However the 2ppm/°C drift will remain. Two identical resistors should track fairly well if kept in close proximity.

You will also have to take care with inductance at such high frequencies and precision, 0.005% of 75\$\Omega\$ is only 3.75m\$\Omega\$. At 50kHz that represents around 12nH, about 10 or 15mm of straight wire. Ordinary wirewound resistors are about useless in that situation. Penetration in copper is ~0.3mm at 50kHz so wire will also have more resistance than at DC.

Frankly, the preferable solution for dividing an AC voltage when precision is required is to use a ratio transformer. You can get stability in the ppb, at least a couple orders of magnitude better than resistors.

Answer 3

A 0.05% resistor is guaranteed to be no more than that tolerance from its nominal value.

When you connect for instance four resistors in a series and parallel arrangement to get the same value, there is nothing to stop them all being high, or low, so this will not reduce the worst case deviation.

However, if you took many sets of four resistors, then the spread of total deviation would be expected to be tighter than for the individual resistors. The problem is you're not interested in the statistics of many sets, you're only interested in the one set you have in front of you.

The benefit to buying tight tolerance resistors is that you often get a much tighter tempco (temperature coefficient of resistance) and better long term stability than is offered with 1% resistors. The manufacturers realise there's no point in selling a close tolerance resistor, if it doesn't stay that way with time and temperature changes. This allows you to trim them manually to a very close balance, and have a reasonable hope that they will stay balanced.

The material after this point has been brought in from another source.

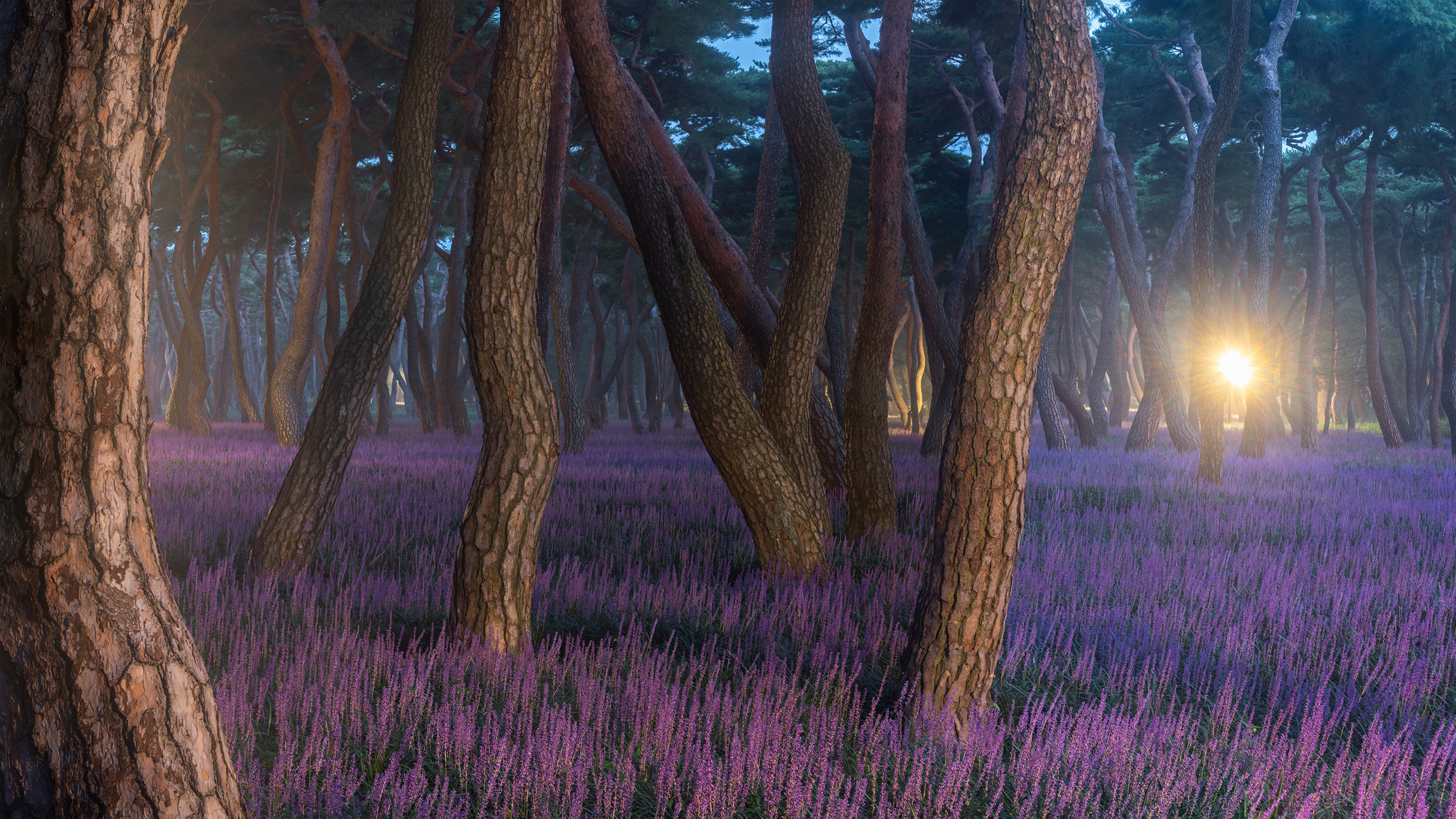 Jaeyoun Ryu Landscape Trees Purple Bright Nature Lavender Forest Tree Bark 2100x1181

With 75 Ω resistors, you can get 0.01% adjustment by paralleling them with resistors of the order of 1 MΩ. These trimming resistors do not have to be high tolerance or tempco. There are ways to measure the balance of resistors with a DMM which itself has low resolution, for instance substitution in a Wheatstone bridge.

Answer 4

You can get all the way down to 0.01% for about $1~$2 per resistor with the Stackpole RNCF series of resistors.

If you need to achieve an absolute resistance value then averaging lots of resistors won't work. If you just need to achieve a ratio, then yes, averaging a lot of resistors in a grid can in theory improve tolerance.

But 0.005% of 75 ohms is 3.75 milli ohms.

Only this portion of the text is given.